You know, as odd as that sounds...you might be right. On the initial install of Fedora FC4 I did select /all/ the MySQL packages, including the devel package. But when I do 'rpm -q mysql' I get this - [root@ ~]# rpm -q mysql mysql-4.1.12-2.FC4.1 [root@ ~]# Any suggestions on how to automatically download and install the development package?
Well, it's been awhile since I installed Fedora from scratch, but I think there's a generic option along the lines of "install development support" that gets you the -devel RPMs for everything you install. But the above rpm query proves little, because it will only show packages whose base name is exactly "mysql". Try "rpm -qa | grep mysql"
Ok...ran that and this is what I got - [root@wendy ~]# rpm -qa | grep mysql libdbi-dbd-mysql-0.7.1-3 mod_auth_mysql-2.6.1-4 mysql-devel-4.1.11-2 mysqlclient10-3.23.58-6 mysql-4.1.11-2 php-mysql-5.0.4-10 mysql-server-4.1.11-2 mysql-bench-4.1.11-2 [root@wendy ~]# Seems the development package may be installed. Any chance it might not be installed to a "non standard" location?

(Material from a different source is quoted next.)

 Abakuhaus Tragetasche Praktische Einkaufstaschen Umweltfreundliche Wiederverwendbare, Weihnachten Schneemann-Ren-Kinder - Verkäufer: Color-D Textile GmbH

Well, that's certainly a full set of mysql-4.1 RPMs. Let's see [ digs through pennmush Configure script... ] It looks to me like the problem is that they neglected to add -L/usr/lib/mysql in the test program's link flags. You could supply that yourself where Configure asks you about linker flags. If you think pennmush ought to know about this by default, you should take it up with them.